*WHAT THIS TASK INVOLVES*
Copying rule for the data below: take the line containing "aria_mila - Aria_Mila's" and every line after it to the end, exactly, and drop all pictures.
=== DATASET CONTENT ===
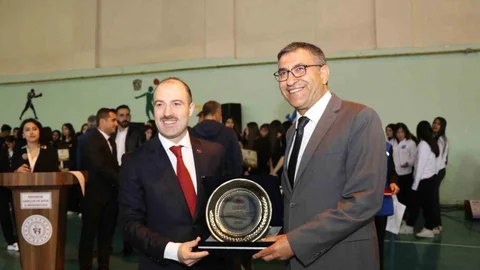 Hasan Oğuz’a Plaket Takdimi Yapıldı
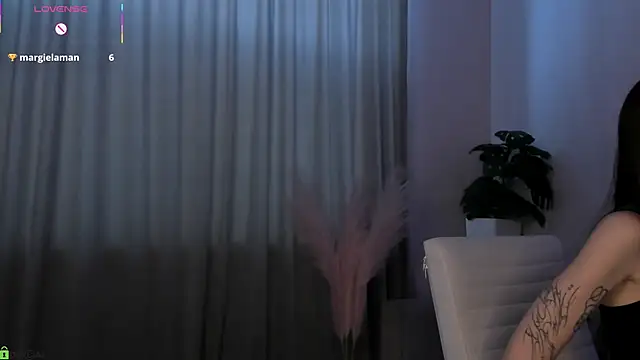 aria_mila - Aria_Mila's free webcam - UK Sex Cams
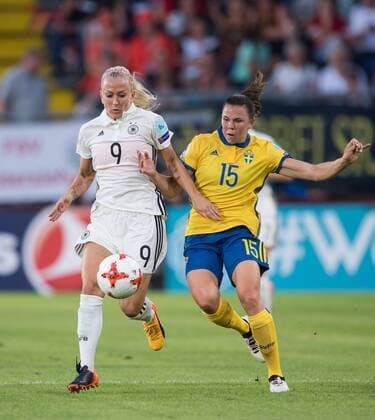 vl: Mandy Islacker (GER), Jessica Samuelsson (SWE) Vorrunde: Deutschland - Schweden in Breda am 17.07.2017. UEFA Fussball Frauen Europameisterschaft 2017 in den Niederlanden,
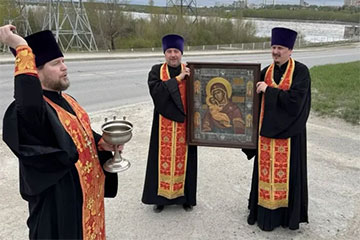 У расійскай Пермі зладзілі крыжовы ход для абароны ад «напасці» ўкраінскіх беспілотнікаў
===
*RESULT OF THE TASK*
 aria_mila - Aria_Mila's free webcam - UK Sex Cams
 vl: Mandy Islacker (GER), Jessica Samuelsson (SWE) Vorrunde: Deutschland - Schweden in Breda am 17.07.2017. UEFA Fussball Frauen Europameisterschaft 2017 in den Niederlanden,
 У расійскай Пермі зладзілі крыжовы ход для абароны ад «напасці» ўкраінскіх беспілотнікаў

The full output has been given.